RECORD EXTRACTS section start

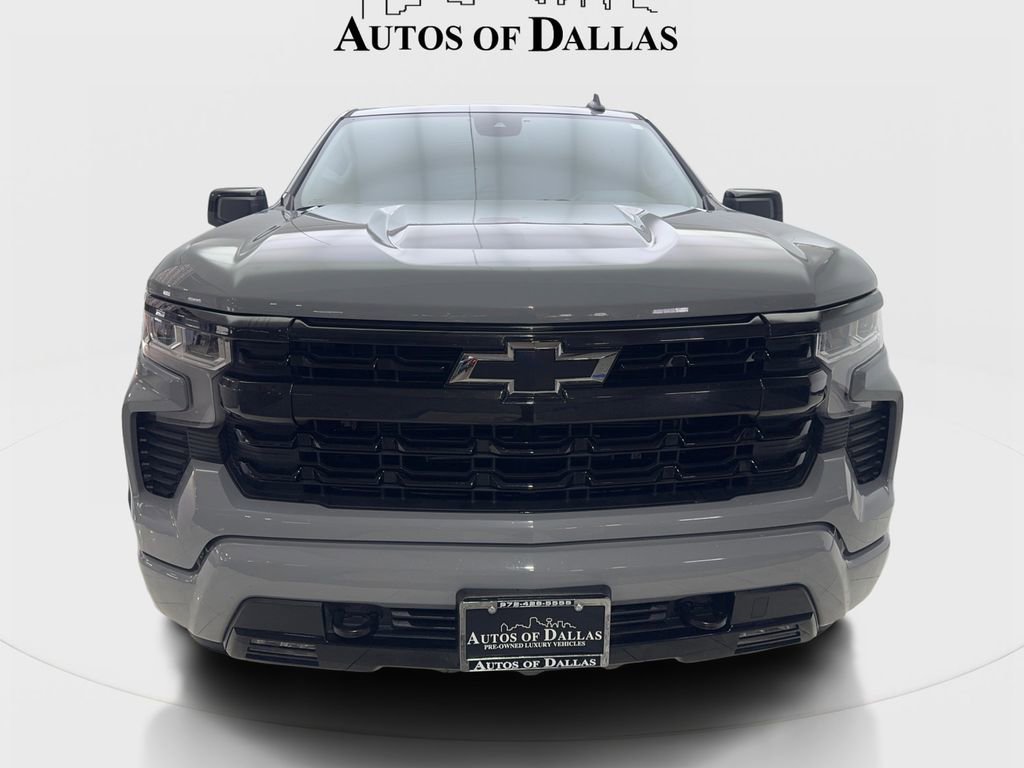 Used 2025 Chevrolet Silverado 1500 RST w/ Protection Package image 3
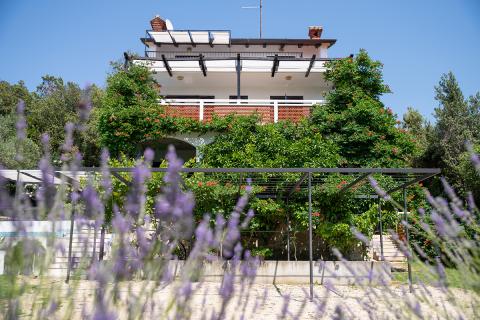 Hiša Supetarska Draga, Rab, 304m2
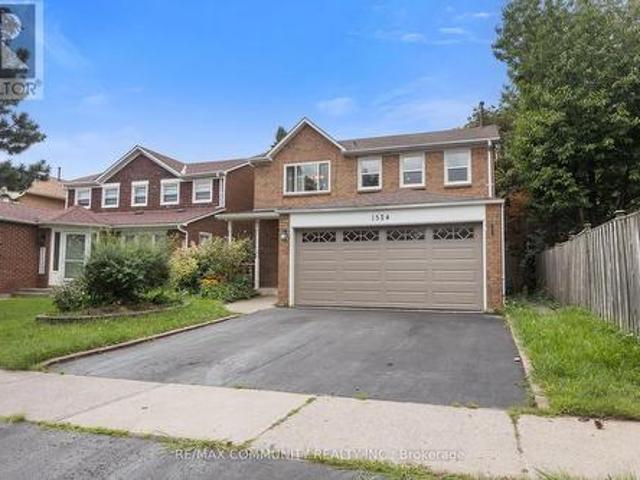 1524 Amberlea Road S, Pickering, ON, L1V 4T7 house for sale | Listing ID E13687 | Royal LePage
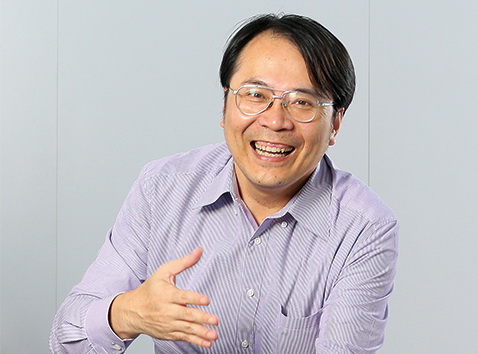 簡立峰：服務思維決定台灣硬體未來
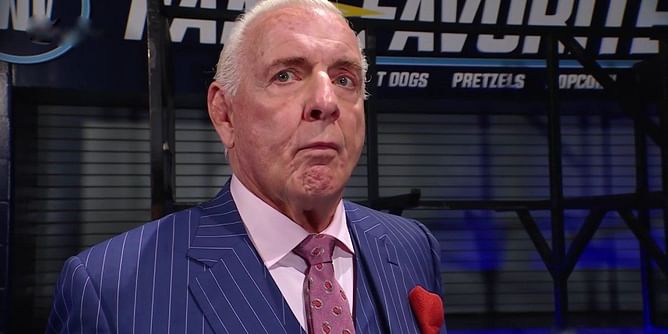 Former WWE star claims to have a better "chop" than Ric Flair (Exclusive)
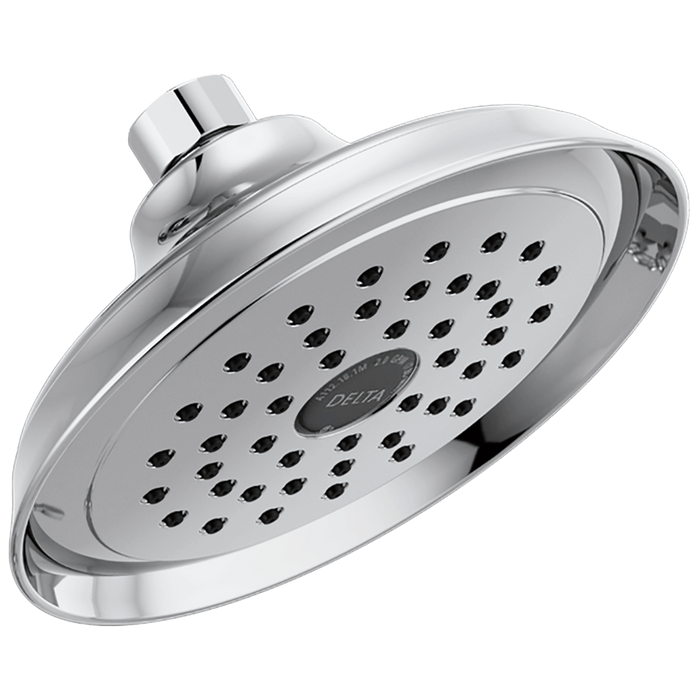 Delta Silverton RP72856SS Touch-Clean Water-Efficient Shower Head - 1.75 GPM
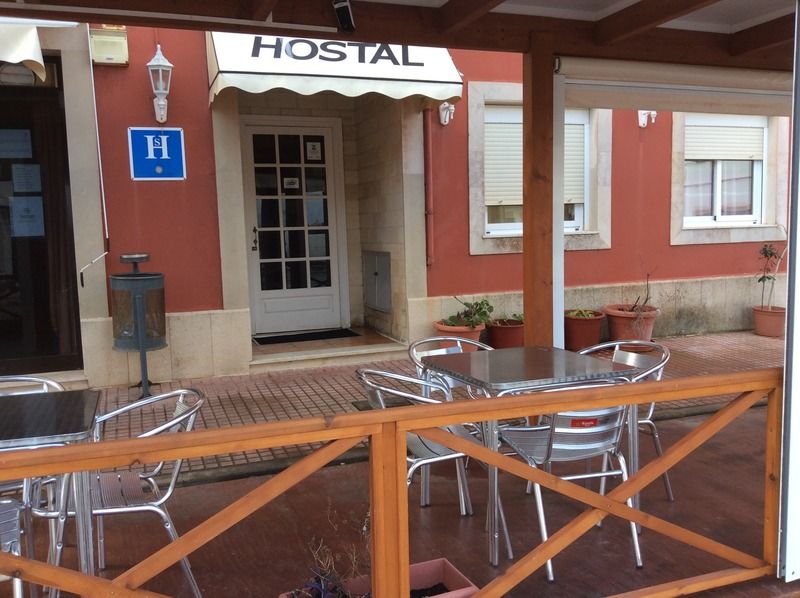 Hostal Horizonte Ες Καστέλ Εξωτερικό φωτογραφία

RECORD EXTRACTS section end
RECORD EXTRACTS section start

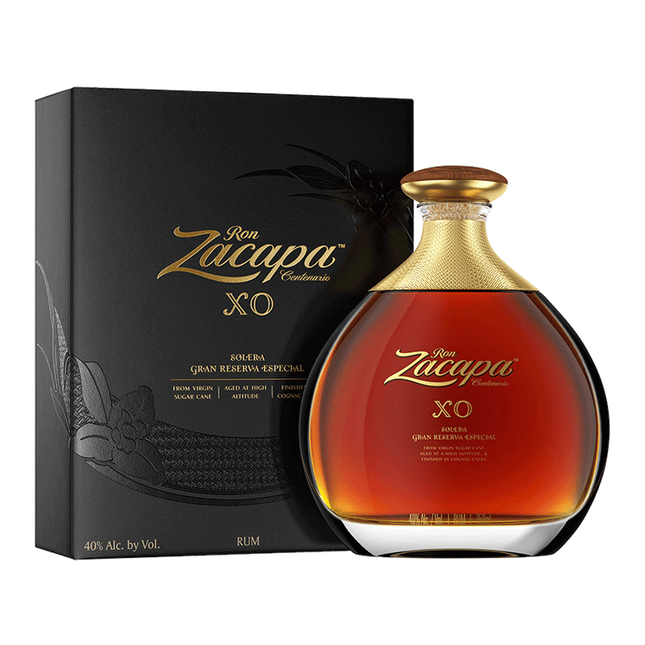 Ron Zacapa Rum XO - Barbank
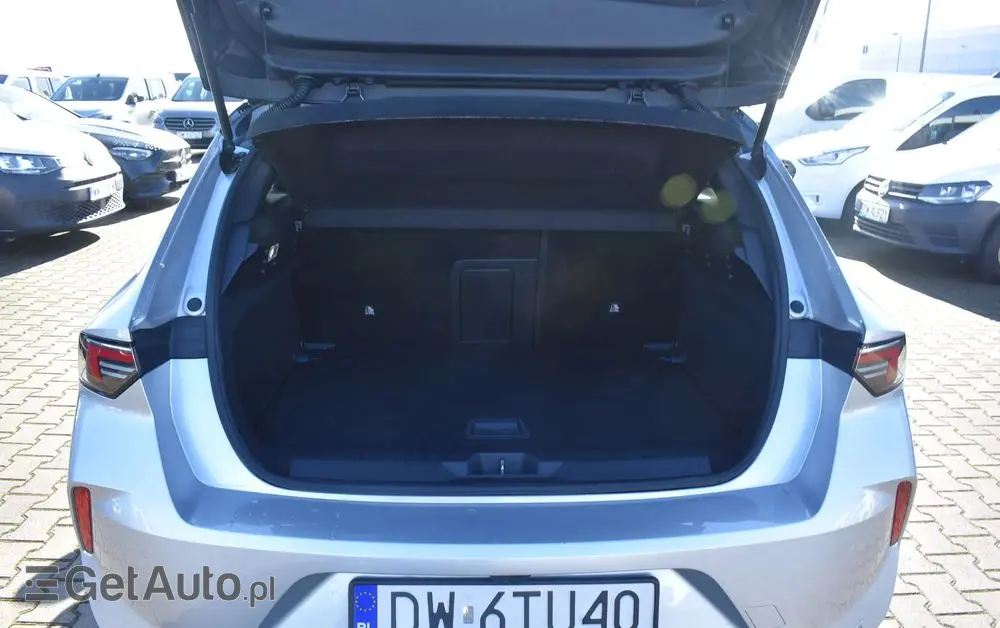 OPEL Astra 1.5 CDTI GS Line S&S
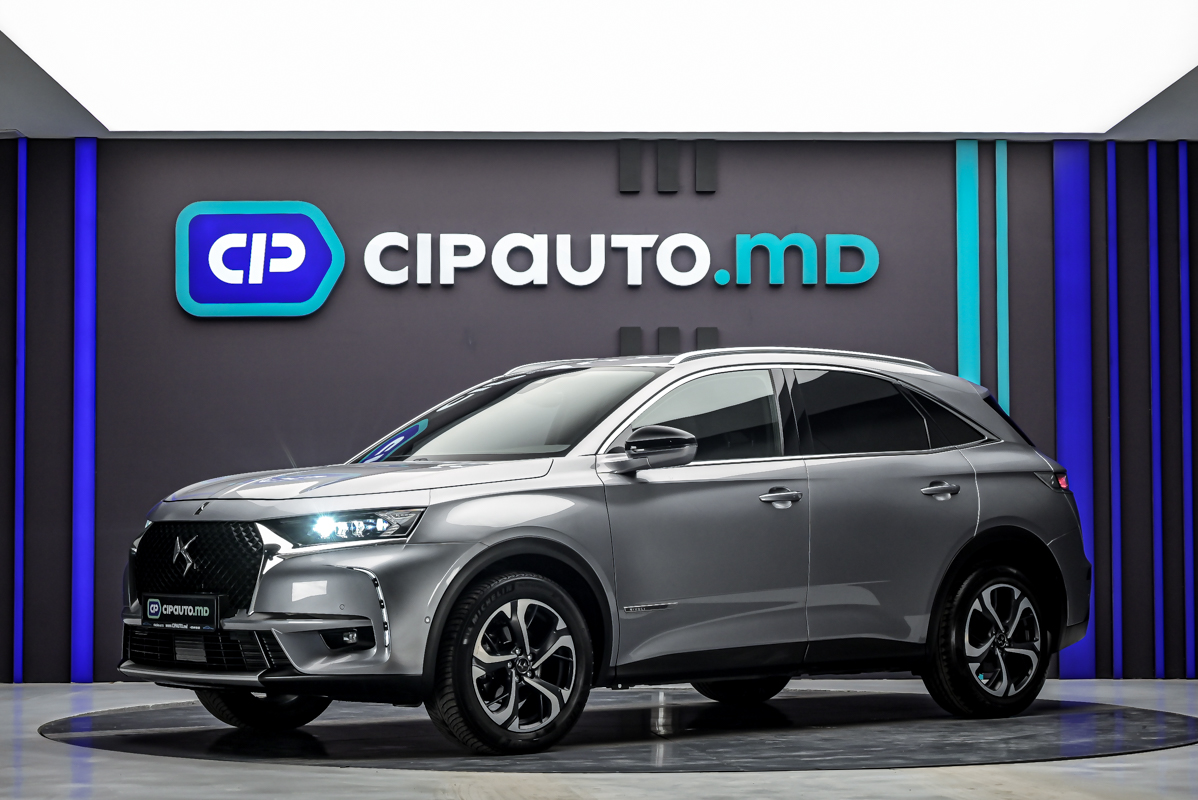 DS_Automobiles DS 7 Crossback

RECORD EXTRACTS section end

*WHAT IS BEING ASKED*
Would you write out exactly the lines above, starting at the line containing "Used 2025 Chevrolet" and stopping after the line containing "Hostal Horizonte Ες"? Omit the pictures.

*TASK OUTPUT*
 Used 2025 Chevrolet Silverado 1500 RST w/ Protection Package image 3
 Hiša Supetarska Draga, Rab, 304m2
 1524 Amberlea Road S, Pickering, ON, L1V 4T7 house for sale | Listing ID E13687 | Royal LePage
 簡立峰：服務思維決定台灣硬體未來
 Former WWE star claims to have a better "chop" than Ric Flair (Exclusive)
 Delta Silverton RP72856SS Touch-Clean Water-Efficient Shower Head - 1.75 GPM
 Hostal Horizonte Ες Καστέλ Εξωτερικό φωτογραφία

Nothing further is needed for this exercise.